I have a minor quibble with Ashton’s subtitle, “The secret history of creation, invention, and discovery” because Ashton’s main reveal is not a secret any more. It’s conventional wisdom. For example, two recent books by Steven Johnson (2010) and Walter Isaacson (2014) make the same point, and tell many of the same stories. A lot of what appears in Ashton’s book is in my 2007 book Group Genius or my 2012 book Explaining Creativity. (His title, about flying a horse, refers to the Wright Brothers’ first flight in 1903; I start the first page of Group Genius with this story.) But still, Ashton is a great scholarly detective. His book is the only place I’ve seen, other than my 2012 book, the debunking of the myths about Archimedes in the bathtub shouting Eureka, about Mozart composing musical pieces in whole cloth, about Coleridge writing Kubla Khan in an opium daze, about Kekule coming up with the benzene ring structure in a dream…actually, maybe Ashton just read my 2012 debunking blog post here (or Ashton could have gotten the real stories from my 2012 Explaining Creativity, which he cites in his references but otherwise doesn’t mention).
This is a well written book, and in addition to the familiar creativity stories and research, I learned some things I didn’t know, like this factoid: You know how we use a light bulb over someone’s head to show they’re having a sudden flash of insight?
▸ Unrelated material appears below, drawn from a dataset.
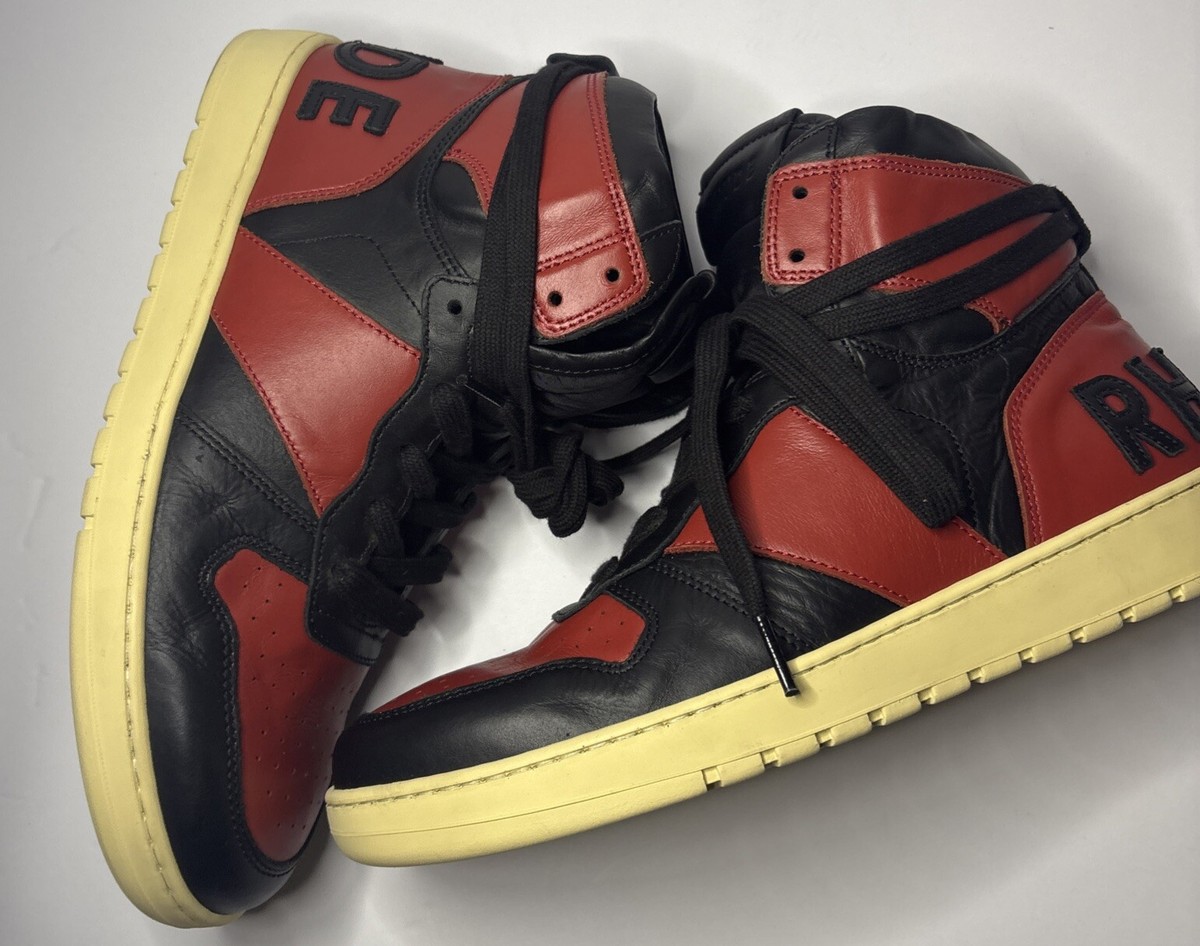 Vintage Rhude Rhecess Hi-Top Shoes Red Men’s Size 9 Italy Leather RHECESS-HI (WOMENS) – R H U D E main image 4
That image was first used in a 1919 animated film short with Felix the Cat.
I like the book, but if you’re not a creativity nerd like me, and you’re looking for one book to enlighten you about creativity, this isn’t the best book to read to increase your creativity. One weakness is that it’s a series of stories without any guiding structure, without an easy to remember set of practical advice, and without take-home messages. There’s one single message (which I agree with) and it’s that creativity isn’t a genius flash of insight; it’s a series of small sparks that emerge from hard work. But that’s not really new any more.
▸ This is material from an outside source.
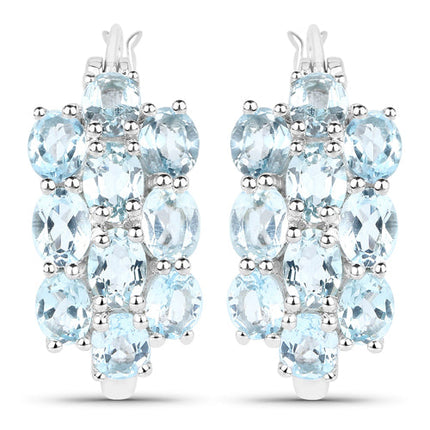 9.88 Carat Genuine Blue Topaz .925 Sterling Silver 3 Piece Jewelry Set (Ring, Earrings, and Pendant w/ Chain)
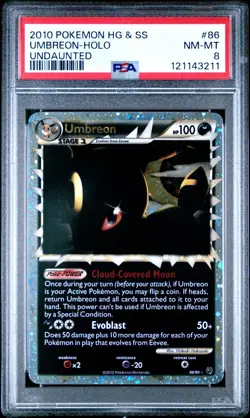 Pokemon Card Holo Umbreon Prime 86/90 PSA 8 NM-MT HG&SS Undaunted - Image 3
Here’s what I wrote in my 2007 book Group Genius:
We’re drawn to the image of the lone genius whose mystical moment of insight changes the world. But the lone genius is a myth. Innovation always emerges from a series of sparks–never a single flash of insight. (p. 7) Creativity is based in everyday thought. There’s no magical moment of insight, no mysterious subconscious incubation working. (p. 97)
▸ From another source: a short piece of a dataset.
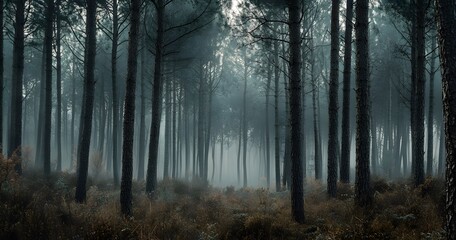 Fototapeta premium pine forest with tall trees, against the backdrop of a foggy, misty morning light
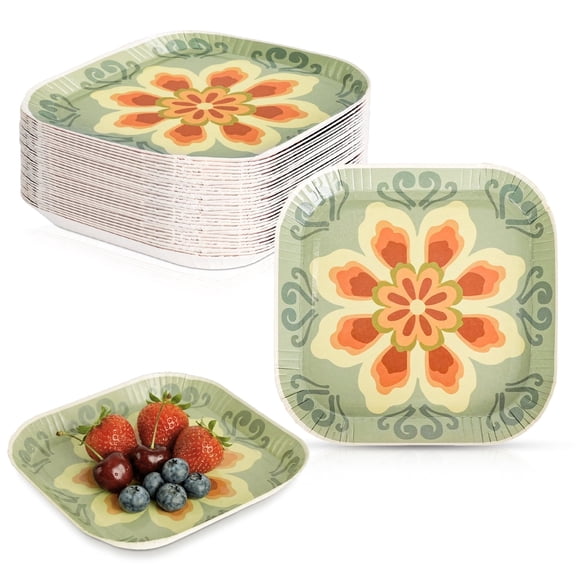 Verdelife Small Paper Plates, 5 inch Party Plates 50 Count, Disposable Plates for Tea Party, Baby Shower, Bridal Shower, Birthday, Wedding and Any Celebration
I love that Ashton calls the creative process a “maze” with many steps (p. 64); in my 2013 book Zig Zag: The Surprising Path to Greater Creativity I developed a very similar visual metaphor, the zig zag:
Creativity does not descend like a bolt of lightning that lights up the world in a single, brilliant flash. It comes in tiny steps, bits of insight, and incremental changes. Zigs and zags. (p. 2)
I wish Ashton had channeled his talent for storytelling with more structure, and had organized his historical material into themes. That would have helped him provide practical advice for the reader. But if you’re a creativity nerd, you need to read this book. There’s a lot of familiar material here (Karl Duncker, the Wright Brothers, Rosalind Franklin and DNA, brainstorming research, Gregor Mendel, Louis Terman, Teresa Amabile…) but a lot of intriguing new stories, as well.